-- Web page caption snippets --

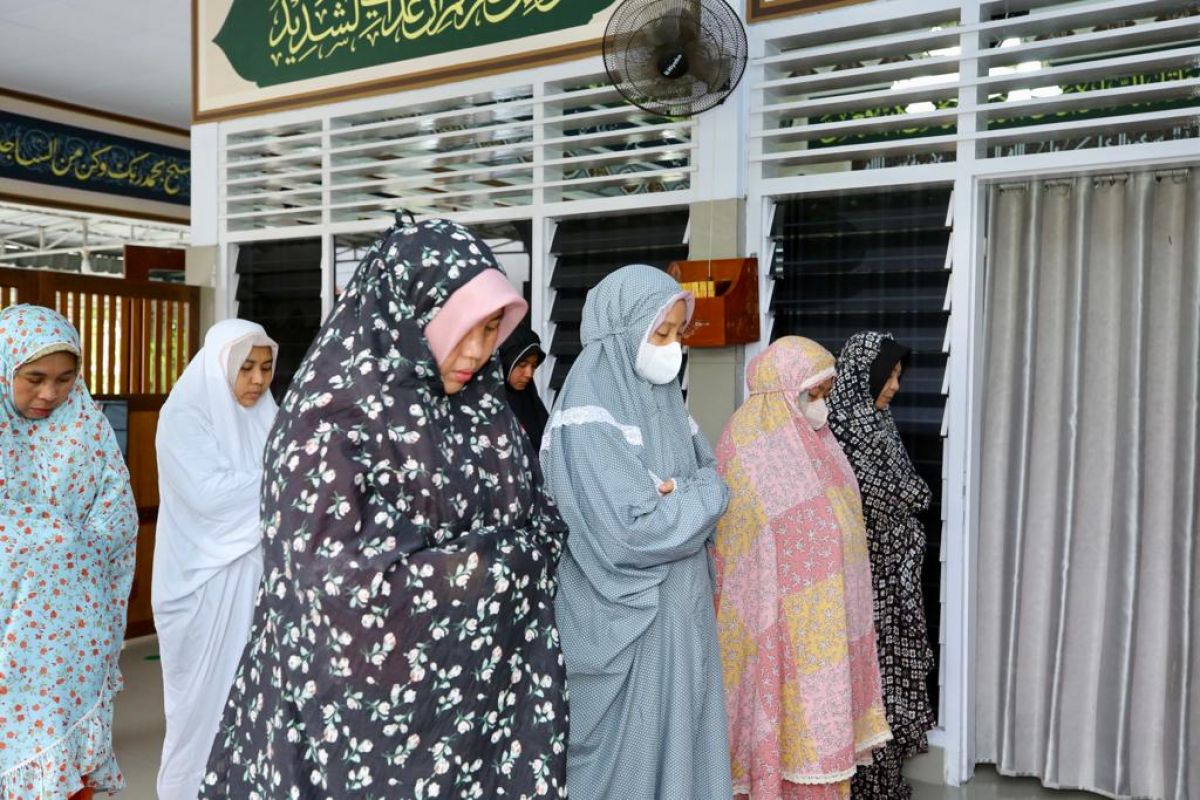 Bupati Ipuk Fiestiandani menggelar salat gaib dan doa bersama untuk almarhum Tjahjo Kumolo. (Foto: Humas Pemkab Banyuwangi)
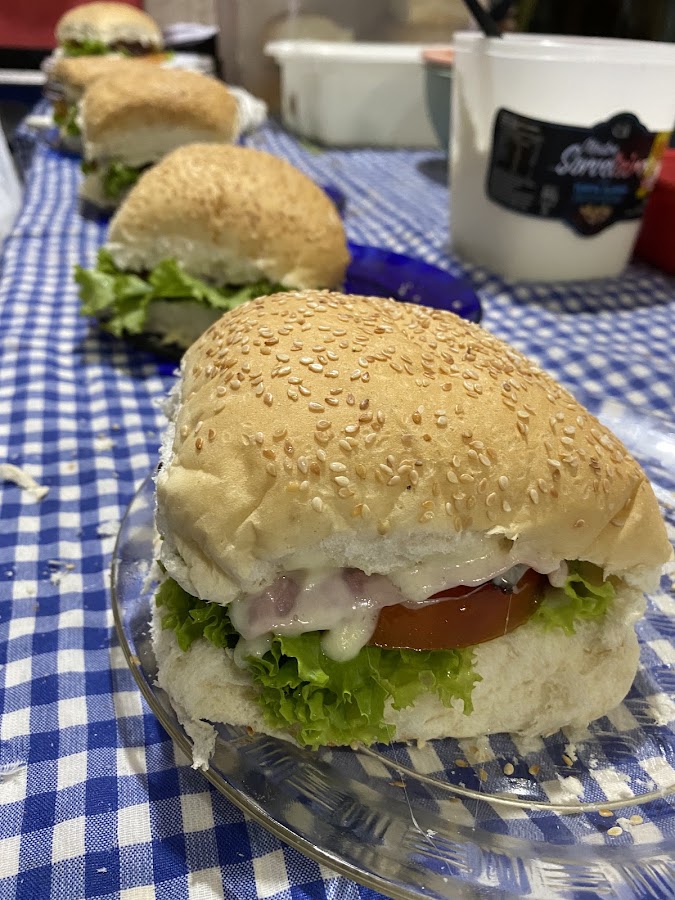 Lanche com pão selado na manteiga e a famosa maionese verde artesanal da casa
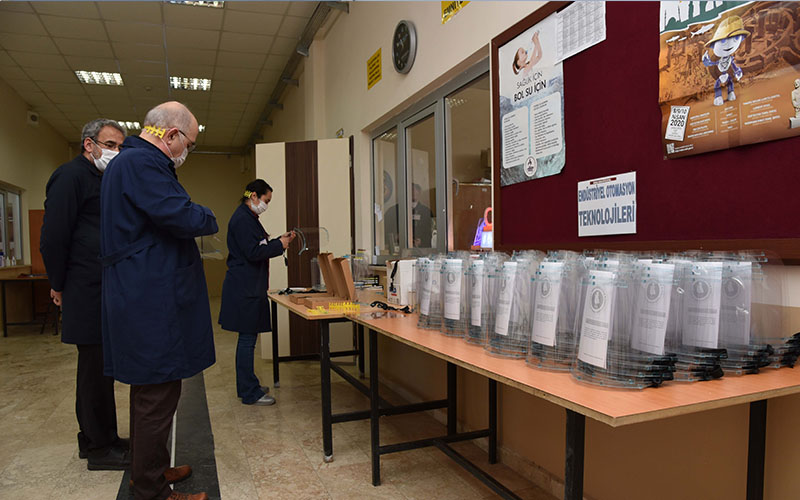 Öğretmenlerden yüz koruyucu siperlik üretimi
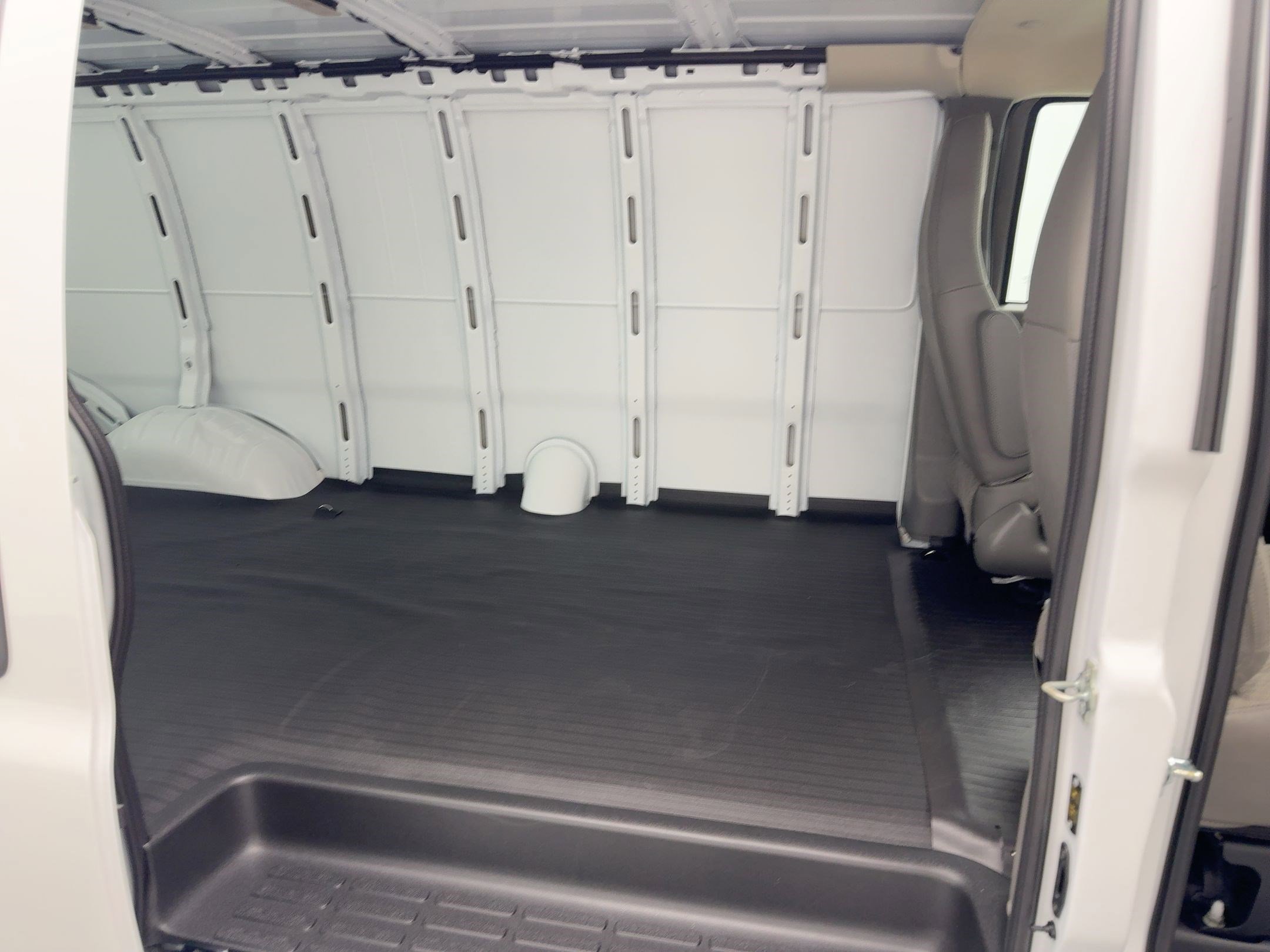 New 2025 Chevrolet Express 2500 Extended w/ Driver Convenience Package image 24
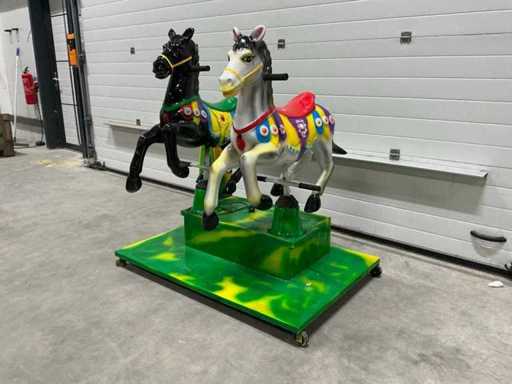 2 Horse Kiddyride - Nou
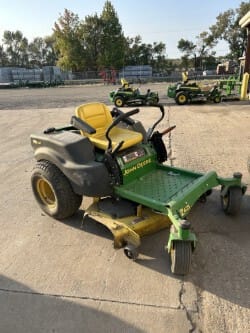 Main image John Deere Z425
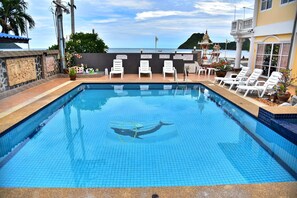 Outdoor pool - Sun Beach Hotel (Prachuap Khiri Khan)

-- TASK DETAILS --
What you return should be only the exact lines from the top of the entries through the line with "Öğretmenlerden yüz koruyucu siperlik üretimi", minus the pictures.

-- TASK ANSWER --
 Bupati Ipuk Fiestiandani menggelar salat gaib dan doa bersama untuk almarhum Tjahjo Kumolo. (Foto: Humas Pemkab Banyuwangi)
 Lanche com pão selado na manteiga e a famosa maionese verde artesanal da casa
 Öğretmenlerden yüz koruyucu siperlik üretimi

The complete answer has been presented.